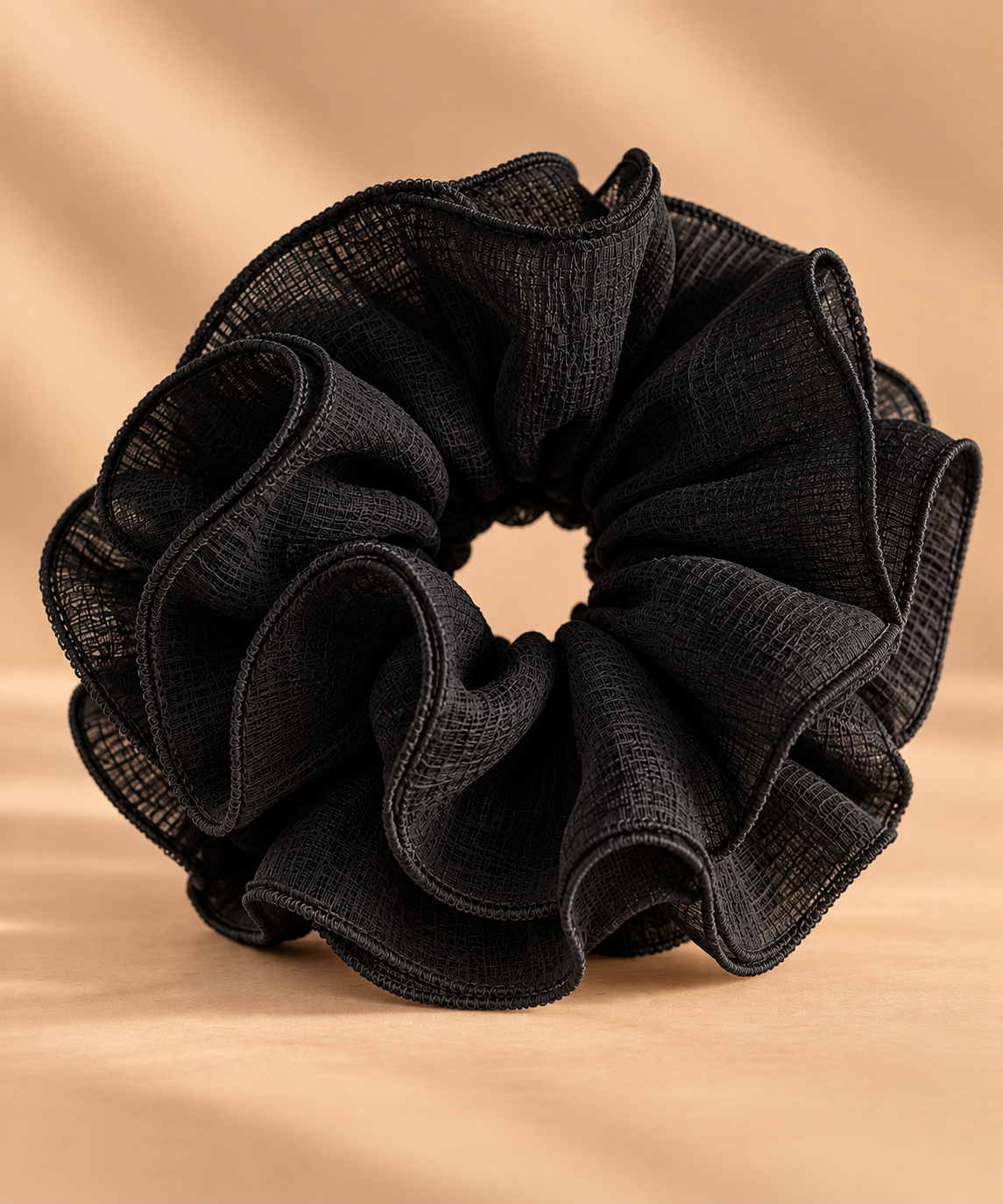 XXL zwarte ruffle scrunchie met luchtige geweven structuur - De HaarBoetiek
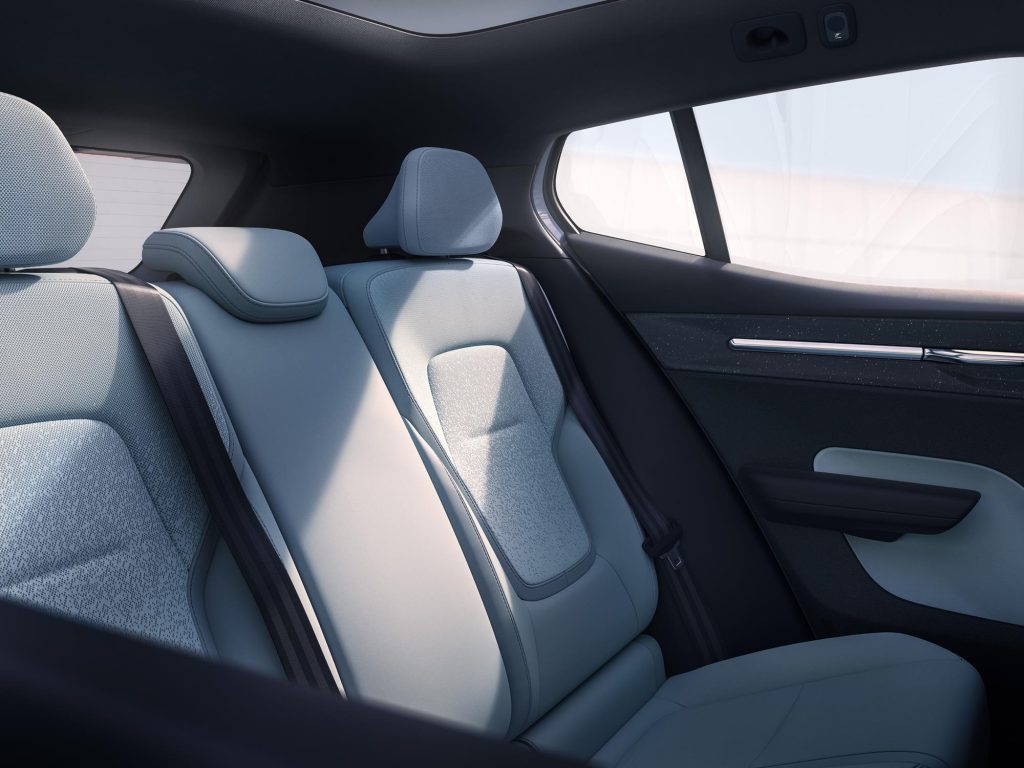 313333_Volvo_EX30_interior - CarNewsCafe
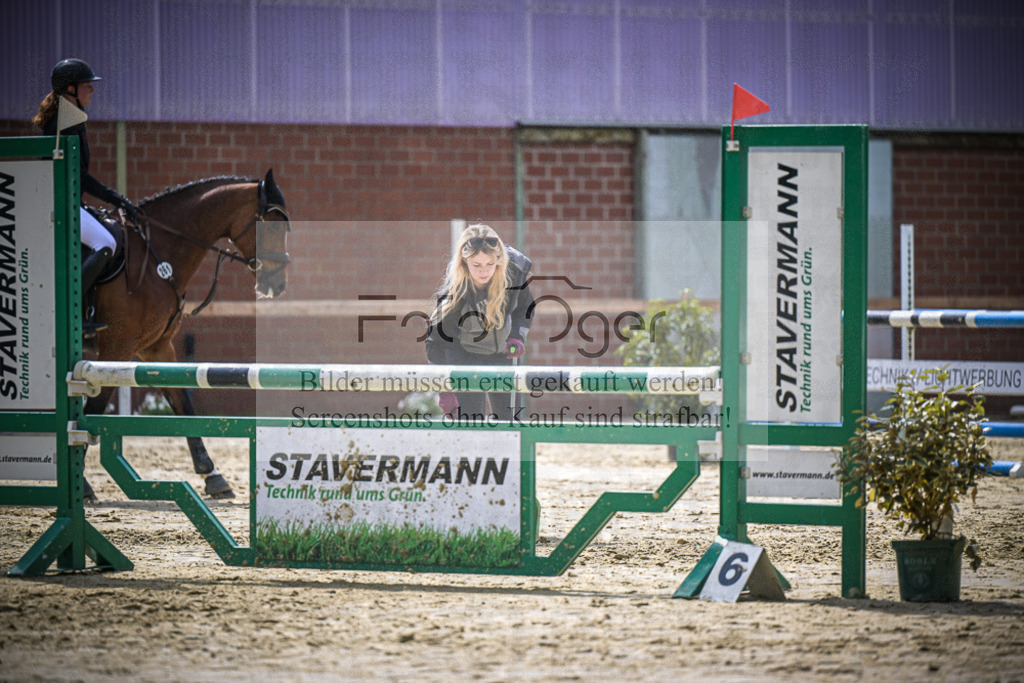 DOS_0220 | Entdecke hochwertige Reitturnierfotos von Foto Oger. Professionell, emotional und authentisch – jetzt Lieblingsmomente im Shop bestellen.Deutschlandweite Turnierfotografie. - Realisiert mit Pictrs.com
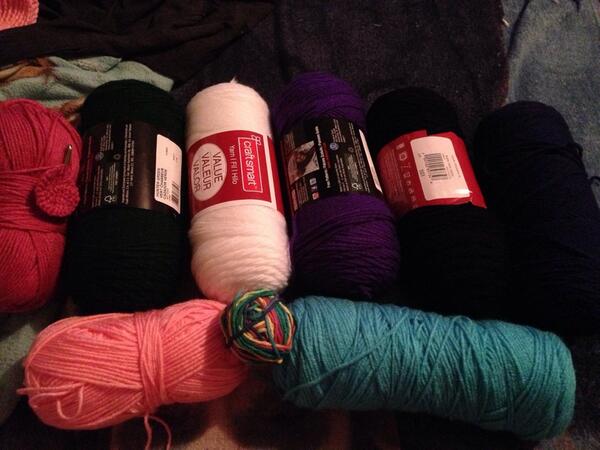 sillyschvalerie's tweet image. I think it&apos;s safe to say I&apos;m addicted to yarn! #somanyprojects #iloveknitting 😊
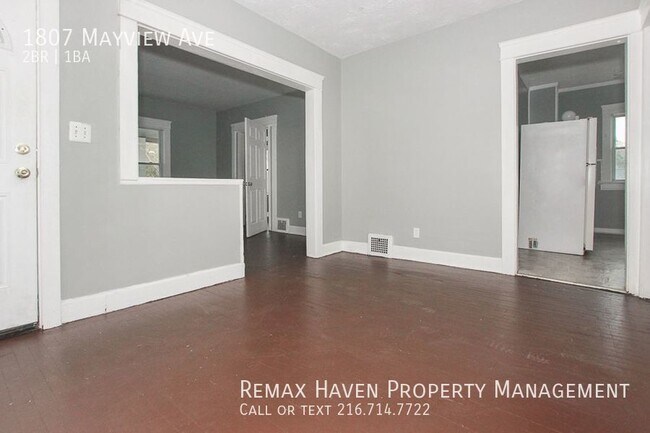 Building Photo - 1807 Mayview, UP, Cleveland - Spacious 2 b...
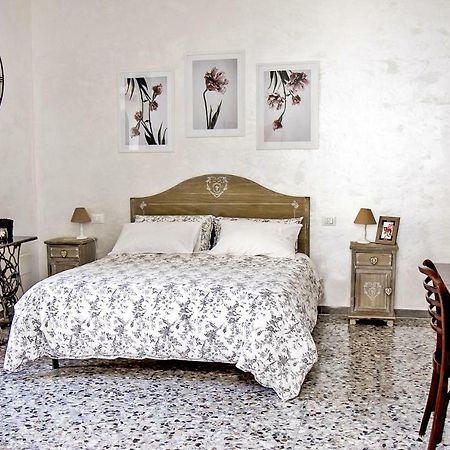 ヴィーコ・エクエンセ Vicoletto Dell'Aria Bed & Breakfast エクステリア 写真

▶ **Exercise aim**
Each entry, word for word, belongs in your answer; each picture does not.

▶ **Worked solution**
 XXL zwarte ruffle scrunchie met luchtige geweven structuur - De HaarBoetiek
 313333_Volvo_EX30_interior - CarNewsCafe
 DOS_0220 | Entdecke hochwertige Reitturnierfotos von Foto Oger. Professionell, emotional und authentisch – jetzt Lieblingsmomente im Shop bestellen.Deutschlandweite Turnierfotografie. - Realisiert mit Pictrs.com
 sillyschvalerie's tweet image. I think it&apos;s safe to say I&apos;m addicted to yarn! #somanyprojects #iloveknitting 😊
 Building Photo - 1807 Mayview, UP, Cleveland - Spacious 2 b...
 ヴィーコ・エクエンセ Vicoletto Dell'Aria Bed & Breakfast エクステリア 写真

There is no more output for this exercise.